Bill Pryor, atty. gen.; Ron Bowden, chief counsel, Department of Revenue, and asst. atty. gen.; and J. Wade Hope, asst. counsel, Department of Revenue, and asst. atty. gen., for amicus curiae Alabama Department of Revenue.


Yelverton's, Inc., appeals from the assessment of Jefferson County sales taxes1 for sales during the period between January 1, 1992, and June 30, 1994. In 1967, the Legislature enacted Act No. 405, 1967 Ala. Acts, effective October 1, 1967 ("Act 405" or the "Act"), which authorized the levy of county sales and use taxes by counties with populations of 500,000 or more. Pursuant to that authorization, and on the basis of information that Yelverton's was selling appliances to Jefferson County residents, Jefferson County audited Yelverton's and assessed $8,625.73 in unpaid county taxes and penalties. Yelverton's challenges the assessment, arguing that it does not have the required nexus with Jefferson County to be compelled to collect Jefferson County taxes. Jefferson County disagrees, arguing that Yelverton's does have the required nexus under its interpretation of nexus.

Jefferson County's interpretation of nexus differs from the interpretation given that term by the State Department of Revenue (the "Department"). Yelverton's argues that Jefferson County cannot develop its own interpretation of nexus and that, under Act 405, the county must use the same interpretation used by the Department. Jefferson County argues that Act 405 authorizes it to develop its own taxing regulations and that its interpretation of nexus, and not the Department's interpretation, applies in this situation.


Yelverton's is an appliance store located in Jasper, in Walker County. Yelverton's has no salespersons or business locations outside of Walker County. However, it does advertise in the yellow pages of the Greater Birmingham telephone directory. Primarily, Yelverton's customers are Walker County residents. Occasionally, people who live outside Walker County will contact Yelverton's by telephone or visit the store. Some of these out-of-county customers purchase appliances from Yelverton's. When an out-of-county customer takes delivery of an appliance at the store, Yelverton's charges state sales tax, Walker County sales tax, and Jasper municipal sales tax. However, some out-of-county customers request delivery of their appliance to their home or business. Yelverton's delivers appliances to these out-of-county customers either by United States mail, by common carrier, by its own delivery trucks, or by direct shipment from the manufacturer. If Yelverton's delivers an appliance to a customer in another county, it charges only state sales tax. Yelverton's does not charge Walker County or Jasper municipal sales taxes on these out-of-county deliveries because the sale is deemed closed at the place where title is transferred, which is the place of delivery, not at the store. See Ala.Code 1975, § 40-23-1(a)(5). Yelverton's does not collect use taxes for those counties in which it delivers merchandise because it argues that it does not have the required nexus with those counties.

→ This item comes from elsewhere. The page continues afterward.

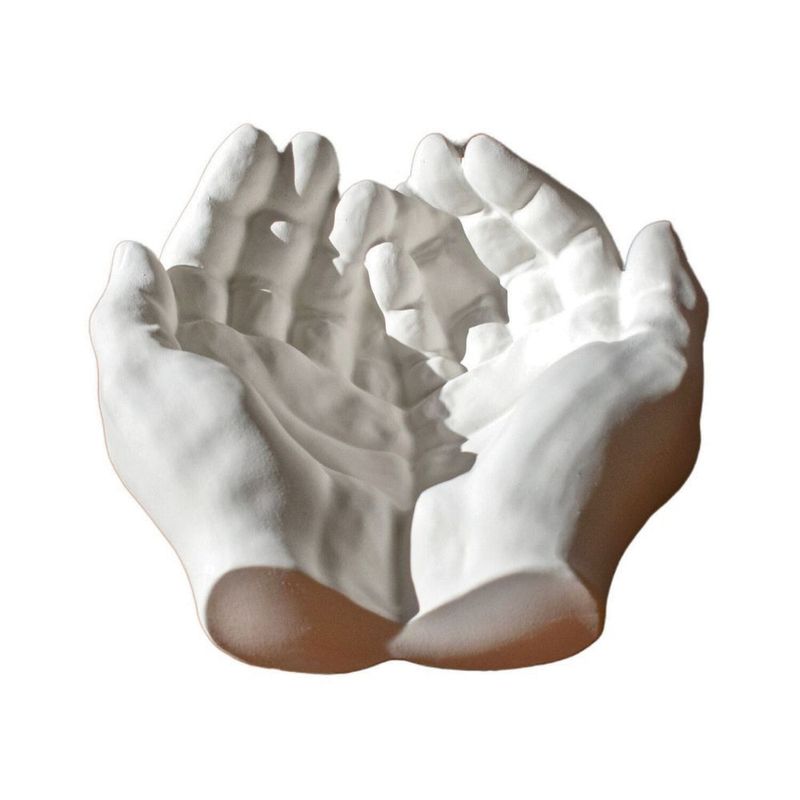 MKP005879000104-1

Jefferson County decided that Yelverton's does have the required nexus with the county and that Yelverton's is liable for the failure to collect sales taxes on sales that took place between January 1, 1992, and June 30, 1994. Jefferson County audited Yelverton's and prepared a preliminary assessment, showing that Yelverton's owed $8,059.63 in taxes and $566.10 in interest and penalties. The preliminary assessment was prepared by Mr. James Parr, the county director of audits, and was issued by Mr. Randy Godeke, the county revenue director. Yelverton's appeared at an administrative hearing to challenge the preliminary assessment. The hearing officer at that hearing was Mr. Godeke. He determined that the preliminary assessment was proper and issued the final sales tax assessment.

When first notified by Jefferson County about the alleged tax liability, Yelverton's requested a copy of the rule pursuant to which the county found that nexus existed. Jefferson County provided Yelverton's with a copy of Ala.Code 1975, § 40-23-68, and informed Yelverton's that it substituted the word "county" for the word "state" within that statute. Yelverton's also requested a detailed explanation of the county's position, which it never received.

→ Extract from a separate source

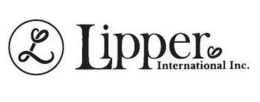 L LIPPER INTERNATIONAL INC. trademark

Yelverton's paid the tax under protest and appealed to the Jefferson Circuit Court. Both Yelverton's and Jefferson County moved for a summary judgment. The trial court entered a summary judgment for Jefferson County. Yelverton's appeals from that summary judgment, arguing that the county cannot give the word "nexus" a different meaning than the meaning given it by the Department, that Yelverton's does not have the required nexus with the county, and that the county violated Yelverton's right to due process when it allowed the same official who had signed the preliminary assessment to serve as the hearing officer in the challenge of the assessment. In addition, Yelverton's requests that if this court determines that it does have nexus with the county so as to require it to collect Jefferson County taxes, that the decision be made prospective only. Because our answer to Yelverton's first argument disposes of the appeal, we need not address the other arguments that Yelverton's raises.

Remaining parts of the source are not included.